____ DATA EXCERPT

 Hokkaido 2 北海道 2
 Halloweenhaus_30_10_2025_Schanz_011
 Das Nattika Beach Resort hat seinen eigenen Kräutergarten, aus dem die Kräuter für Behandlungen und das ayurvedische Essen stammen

________

EXERCISE DIRECTIONS: Beginning with the line containing "Halloweenhaus_30_10_2025_Schanz_011", repeat each line of the listing above, exactly, through the last one, and stop there.

RESULT FOR THIS EXERCISE:
 Halloweenhaus_30_10_2025_Schanz_011
 Das Nattika Beach Resort hat seinen eigenen Kräutergarten, aus dem die Kräuter für Behandlungen und das ayurvedische Essen stammen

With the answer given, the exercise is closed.